B cell malignancies, including DLBCL, remain clinically challenging despite advances in immunotherapy. While monoclonal antibodies like rituximab (anti-CD20) and antibody-drug conjugates targeting CD19 have improved outcomes, their production complexity, immunogenicity, and cost limit broader application.2^,^3 Aptamers—single-stranded DNA or RNA molecules that adopt specific three-dimensional structures—present a compelling alternative due to their synthetic nature, ease of modification, and low immunogenicity.4 However, monomeric aptamers often exhibit modest affinity and lack the avidity-driven effects necessary for robust cell targeting and internalization. Dimerization or multimerization has thus emerged as a key strategy to enhance functional performance, with linker design playing a critical role in maintaining spatial flexibility and cooperative binding.5
Cen et al. first generated truncated variants of previously identified anti-CD19 and anti-CD20 aptamers to define minimal functional sequences. While truncation preserved specificity, it reduced binding affinity, prompting the authors to pursue dimerization. Through rational variation of PEG-based spacer units, they identified an optimal linker length of approximately 3.96 nm (three spacer units), which maximized apparent binding affinity at physiological temperature. Importantly, this optimized architecture also conferred temperature stability—a known hurdle for aptamers selected under non-physiological conditions. The study highlights a central principle in bivalent aptamer design: the linker must be sufficiently long to allow simultaneous engagement of two target epitopes, yet sufficiently constrained to maintain avidity and prevent intramolecular interference.

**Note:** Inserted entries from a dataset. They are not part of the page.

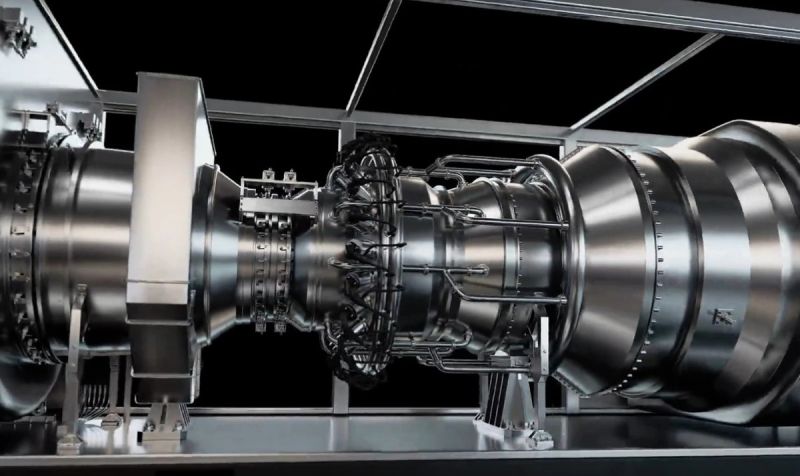 Сверхмощный двигатель от авиалайнера будет питать энергией ИИ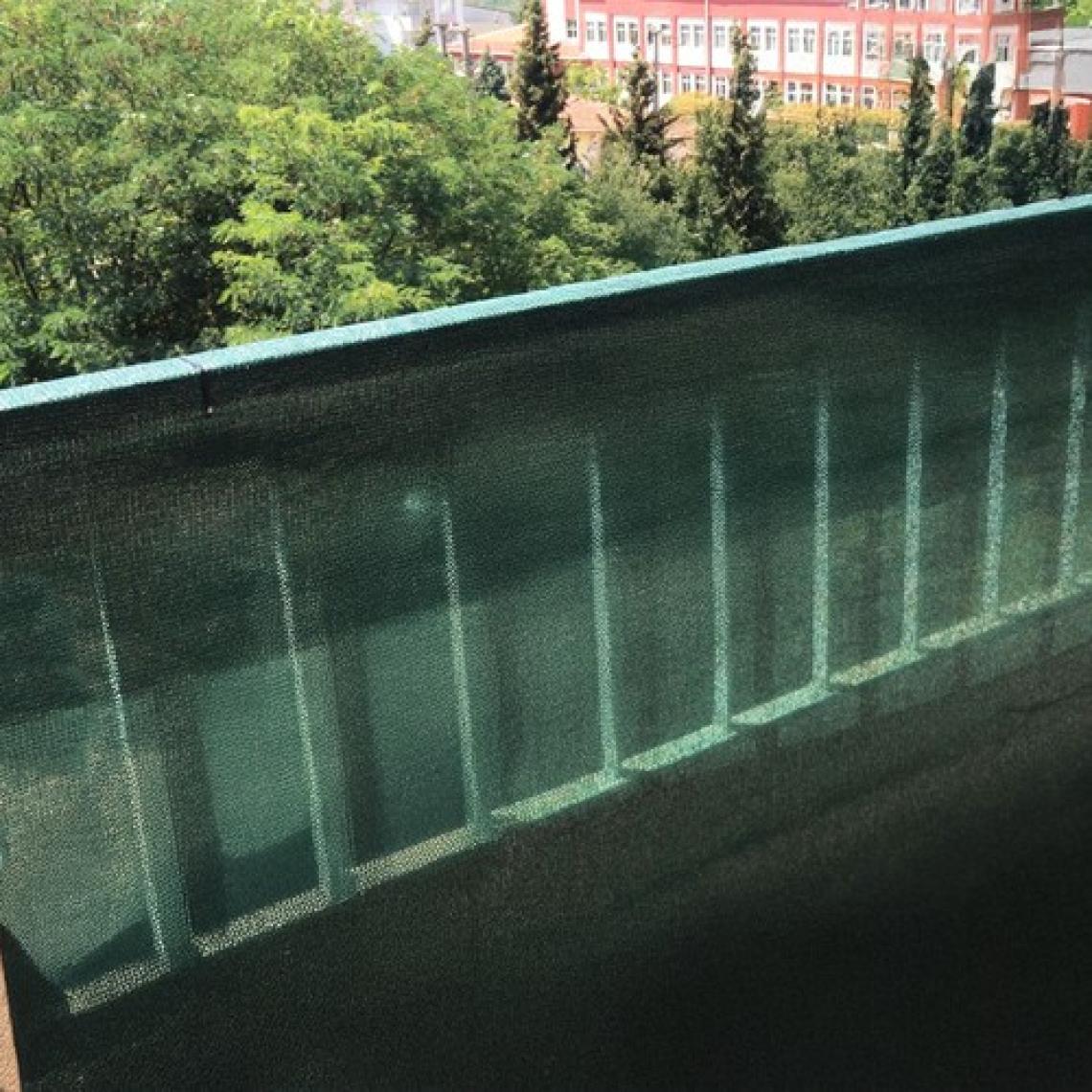 Morilu Gölgelik File Çit Filesi - 95lik - 2 Metre En Yeşil - Düz Kenar - Çit Örtüsü Bahçe Filesi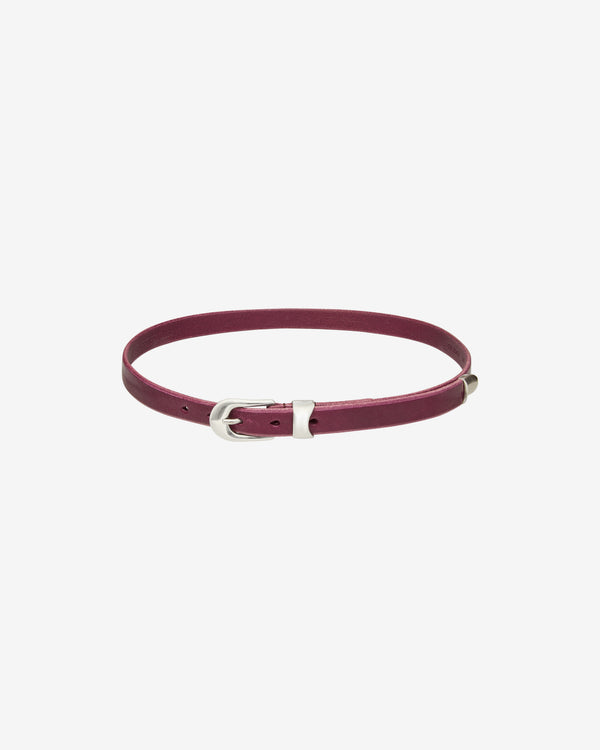 Our Legacy - Men's 2 CM Belt - (Berry)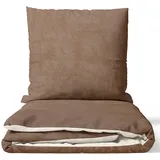 nyvi DreamScience Cashmere Touch Nougat/Natur 155 x 220 cm + 80 x 80 cm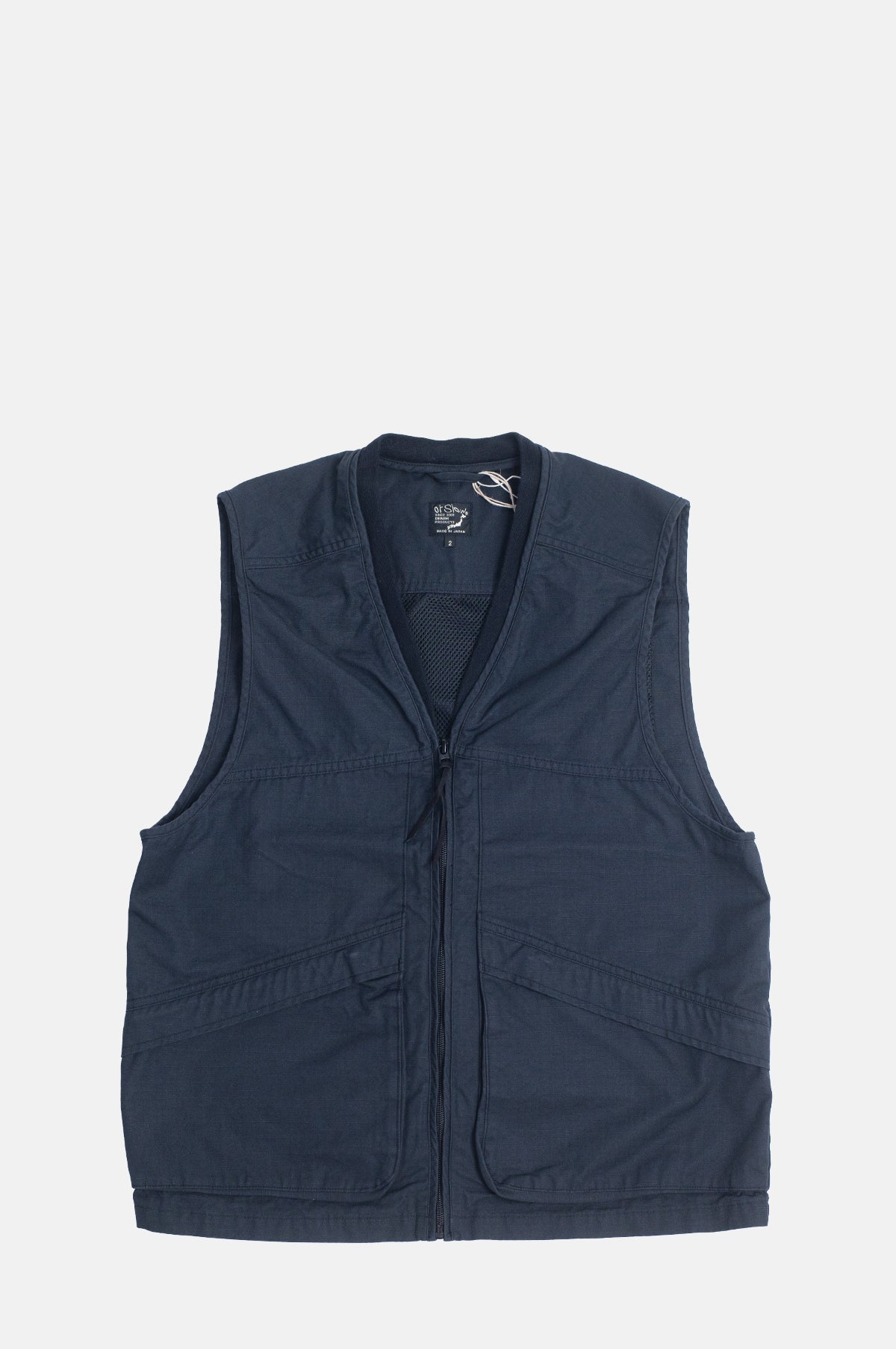 OrSlow Utility Vest Navy.
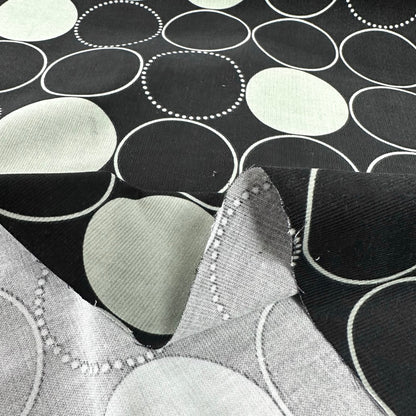 Japan | circle 圓形 圓圈 點 | cotton printed corduroy 薄燈芯絨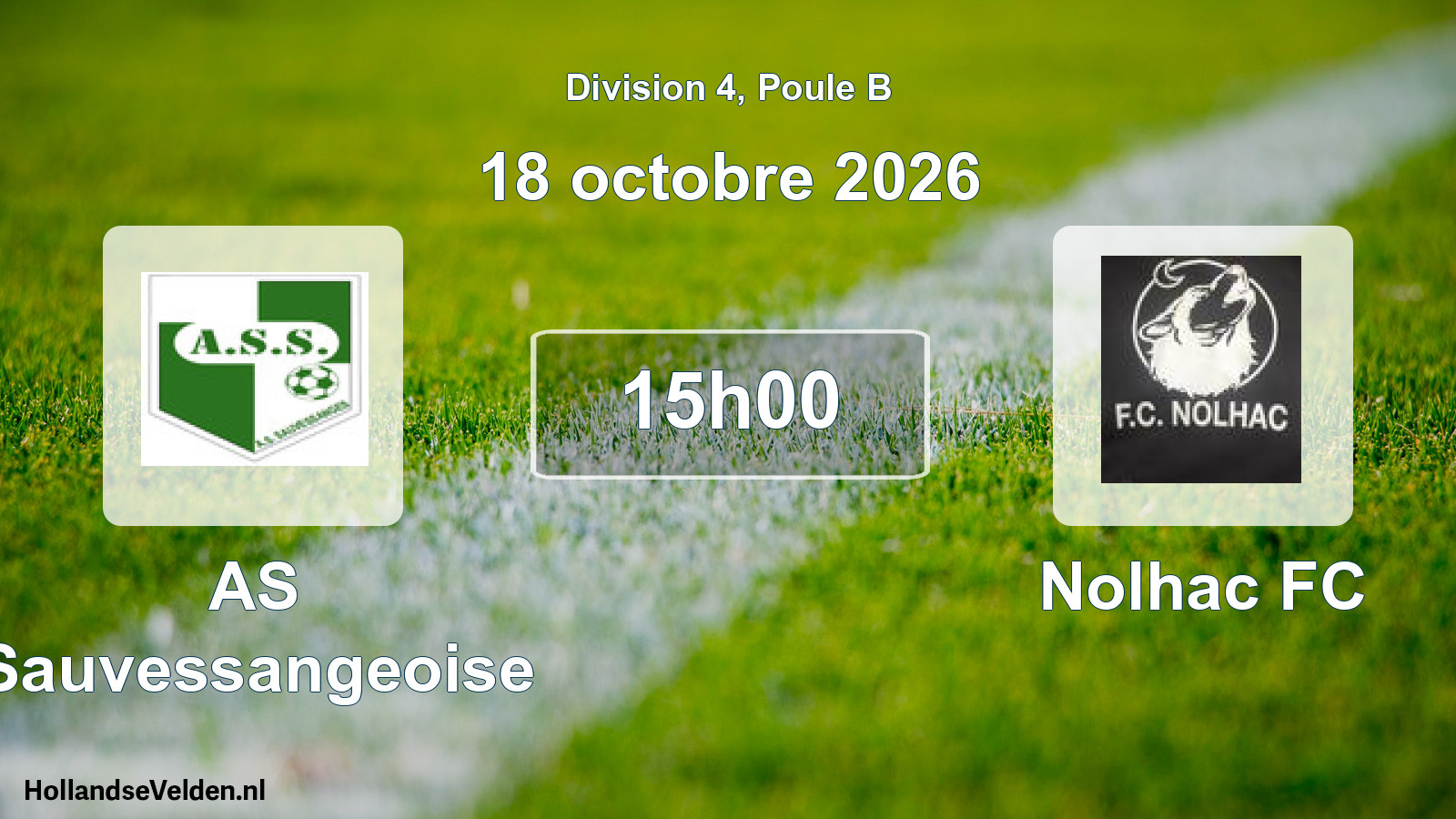 Geplande wedstrijd: AS Sauvessangeoise - Nolhac FC (18 oktober 2026)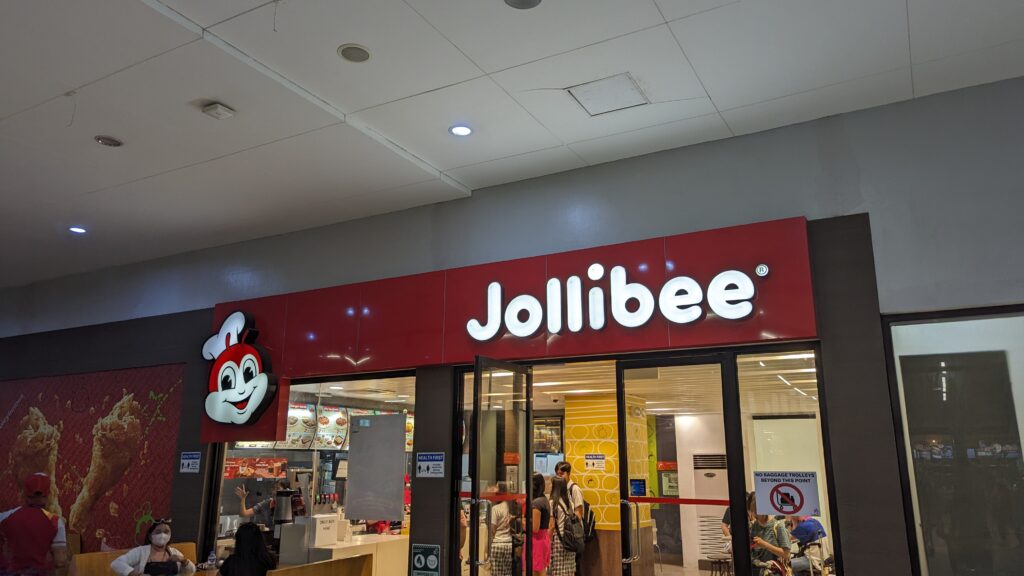 Does Japan have Jollibee? What are the food menu in Philippines?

One of the most biologically insightful findings is the CD21-dependent internalization profile of the dimeric anti-CD19 aptamers. The authors show that internalization occurs efficiently in CD21-negative cell lines (Ramos, OCI-LY7, HBL-1) but is markedly inhibited in CD21-positive lines (Raji, Toledo). This mirrors the behavior of the anti-CD19 monoclonal antibody B4, as previously reported,6 and suggests that aptamers can faithfully recapitulate not only binding but also the intracellular trafficking pathways of their protein counterparts. From a translational perspective, this internalization specificity is clinically pertinent: approximately 30% of DLBCL cases exhibit low or absent CD21 expression,6 which could enable selective aptamer-mediated drug delivery to this patient subset while sparing CD21-positive normal B cells.
Equally notable is the functional profile of the dimeric anti-CD20 aptamer, which showed enhanced binding without eliciting calcium flux—a signaling response associated with certain anti-CD20 antibodies that can contribute to adverse effects.3 This “silent” binding characteristic may be advantageous for diagnostic imaging or drug delivery applications where receptor activation is undesirable.
Despite these advances, several technical and translational questions remain. The mass spectrometric characterization of these large, PEG-modified oligonucleotides proved challenging, with several samples showing fragmentation or adduct formation. While gel electrophoresis confirmed overall integrity, future work would benefit from orthogonal analytical approaches to ensure batch-to-batch consistency and in vivo stability. Moreover, the internalization assays relied on proteinase K digestion to remove surface-bound aptamers; complementary methods such as fluorescence quenching or confocal live-cell imaging could further validate the uptake kinetics and intracellular fate.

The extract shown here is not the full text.